Hay un proceso de básica importancia en lo que ahora describimos. En realidad el Estado vigilante, absolutista y centralizado, que había llegado a ser el Imperio Español a lo largo del siglo XVI, se transformó en el siguiente, en un aparato estatal débil, vacilante y   venal. En el mundo colonial esta situación fue notable en el siglo XVIII, cuando una sociedad y   economía mucho más compleja permitió el surgimiento de grupos fuertes, como el de latifundistas. Se habría requerido entonces mayor decisión y recursos para mantener un control centralizado y verdaderamente estatal en todos los territorios de las fracciones coloniales. Había un vacío de poder que fue llenado hábilmente, en este caso, por los latifundistas.

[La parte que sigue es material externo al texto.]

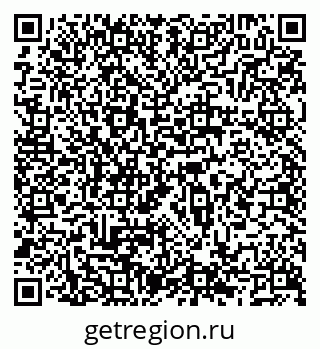 79066569805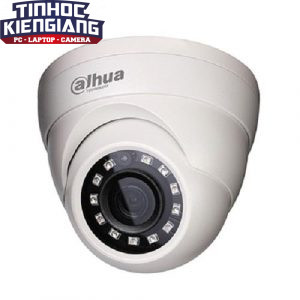 Camera Dahua HDW1200MP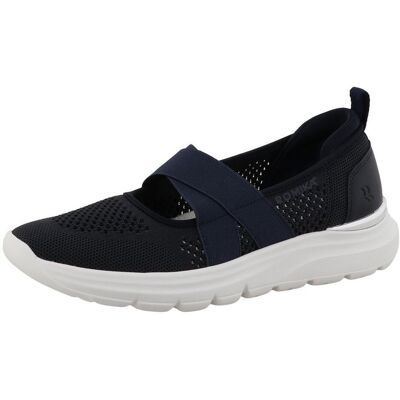 Romika Slipper - Damen - Gr. 39 - blau blau Nonfood https://www.tchibo.at/products/103996016146/romika-slipper-blau?article_id=185974755726 Romika Slipper - Damen - Gr. 39 - blau blau Nonfood https://www.tchibo.at/products/103996016146/romika-slipper-blau?article_id=185974755726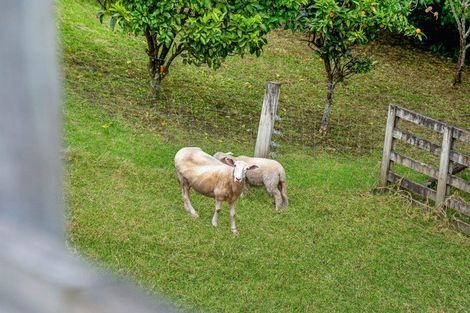 Photo of property in 2 Slater Road, South Head, Helensville, 0874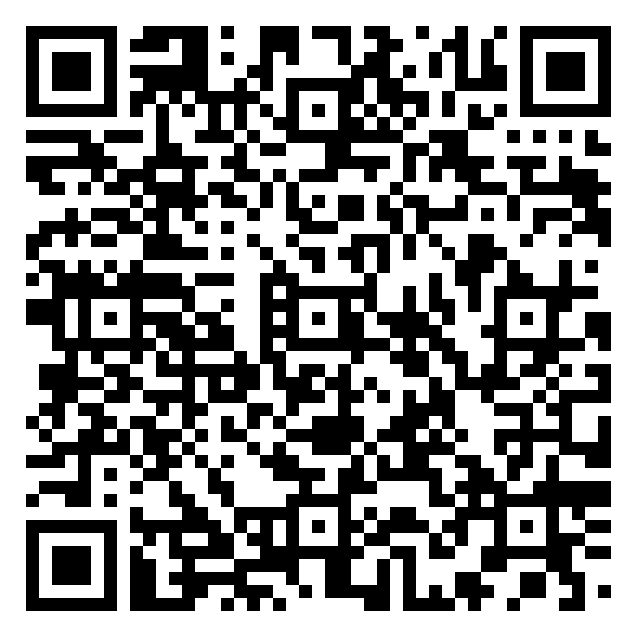 QR code 52054164400000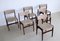 Rosewood Dining Chairs by Erik Buch from Oddense Maskinsnedkeri / o.d. Møbler, Set of 6, Image 15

Cuando proliferaron las nuevas poblaciones, aquellos grupos sociales, desconocidos hasta entonces, recorrieron los campos sembrando intranquilidad y descontento en villas y haciendas. El Gobierno central no fue capaz de organizar contra ellos un aparato de justicia, de policía o defensa, que dependiera directamente de él. Pero los terratenientes lo solicitaron y, sin otro remedio, les fue entregado este último resto del poder rural. En efecto, desde antes de la mitad del siglo, a solicitud de los latifundistas interesados, el gobernador comenzó a otorgar títulos de “tenientes de corregidor”, “juez diputado” o “encargado”, etc., junto con el de capitán o coronel de milicias, los que se organizarían en distintos partidos. Los tenientes de corregidores fueron particularmente importantes pues estaban “comisionados, con sus correspondientes despachos para ello del superior gobierno, para prender, causar, y   perseguir y buscar ladrones, holgazanes, malhechores y personas sospechosas...”[45].

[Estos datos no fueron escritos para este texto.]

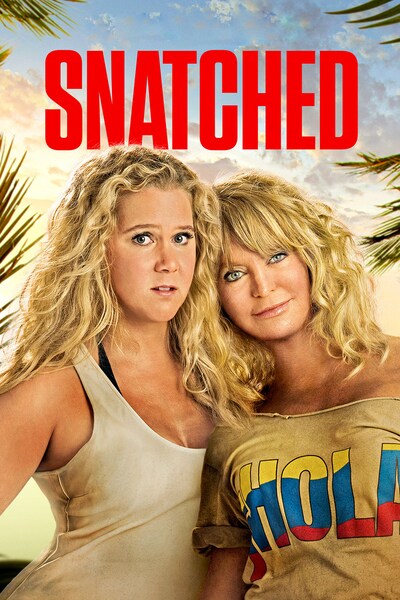 snatched-2017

No fue necesario que un hacendado aspirara a representar la justicia en el área completa de un partido. Bastaba que pudiera identificar un sector geográfico claro y además la existencia de “vagos, ociosos y ladrones” para solicitar el cargo. Un hacendado del Valle de Putaendo solicitó en 1778, el cargo de “teniente general de corregidor, alcalde hermandad y juez de comisión”, “para conocer en toda naturaleza de causas civiles y criminales” en el mismo Valle, lo que le fue concedido al cabo de unos meses. Por este camino no hubo prácticamente ninguna región del país en que el cargo no estuviese en manos de algún gran propietario[46].

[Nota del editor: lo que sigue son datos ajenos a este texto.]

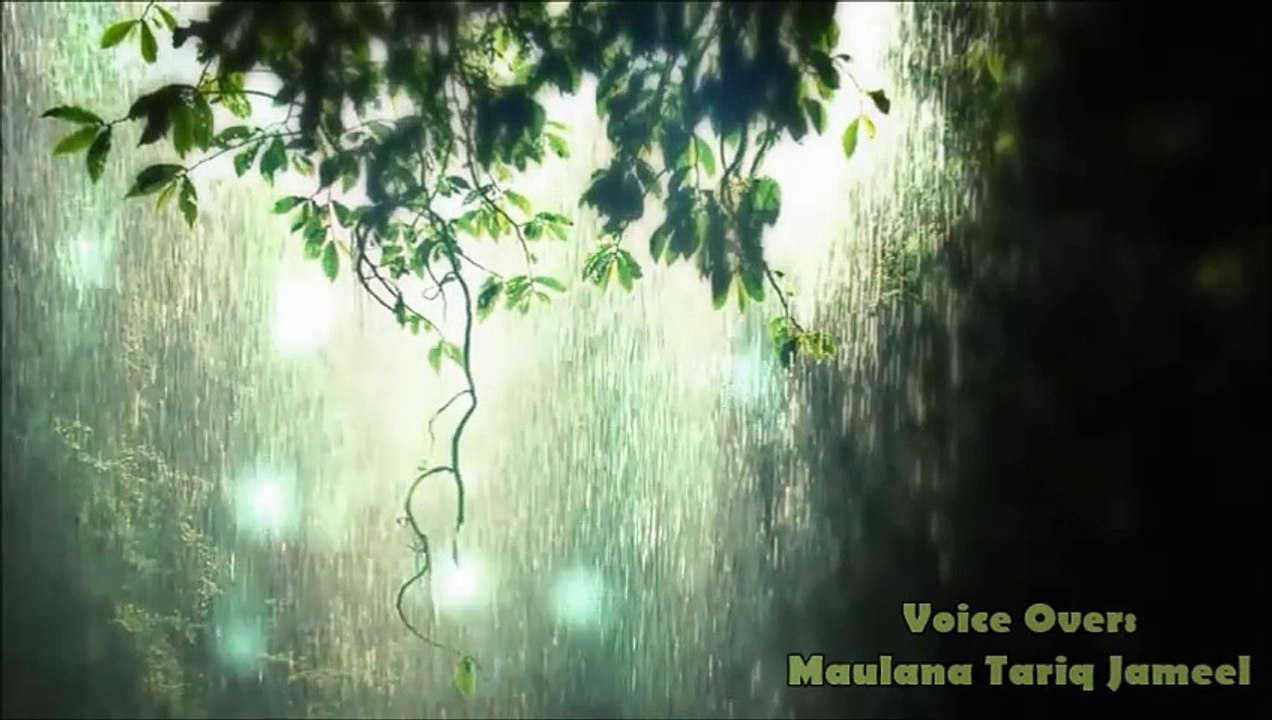 Dunia Kub Khatam Ho Gi ? | Maulana Tariq Jameel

Los hacendados que obtuvieron estos títulos, acostumbraron a mantener cepos, grillos y habitaciones destinadas a cárceles en las casas de sus haciendas. Consiguieron que toda persona que anduviese en poblado llevara una “cédula” o papel escrito que lo identificara y expresara dónde trabajaba, “siendo continuo el clamor de los hacendados por la facilidad que tienen de admitir peones sin averiguarse a quién han servido y por qué motivo han salido de su servicio, de que resulta defraudarles sus intereses...”[47]. Como el bandolerismo y el abigeato no disminuyeran, llegaron a conseguir un “bando” del gobernador Ambrosio O’Higgins que los facultaba para propinar hasta 25 azotes a toda persona que fuera sorprendida portando armas blancas, “sin más formalidad que la de recibir previamente dos declaraciones de los sujetos que hagan o se hallen presentes en la aprehensión...”[48].

Muchas veces esta suma de poder desembocó en abusos que, de vez en cuando, los agobiados aldeanos se atrevían a reclamar a las autoridades centrales. Uno de estos reclamos, efectuado por el Procurador de la Villa de San José de Logroño el año 1794, en contra del subdelegado, un latifundista del lugar, es ilustrativo ejemplo de abuso de poder. Nombró como juez de aguas a uno de sus empleados y le dio, además, el derecho de abasto de carne de la villa, “los pobres de las estancias que siempre han venido a la villa a vender por las calles el carnero, vaquilla o cordero, ya se han retirado, porque se les saca por cada cabeza un cuartillo y sino los traen a la recoba o paga el derecho, pierde la pieza y van a la cárcel”. Arrendó las tierras de indios de las cercanías y cobró por el usufructo de los rastrojos; exigió multas por los ganados que encontraba pastando en el ejido; recibió sobornos por abrir tres casas de juego en el pueblo; tomó presos a los aldeanos y campesinos por cualquier delito y les cobró elevadas sumas de dinero por dejarlo nuevamente en libertad[49]. Es bien claro pues, que al iniciarse el siglo XIX, el latifundio tradicional había logrado tomar en su mano todos los aspectos del poder rural.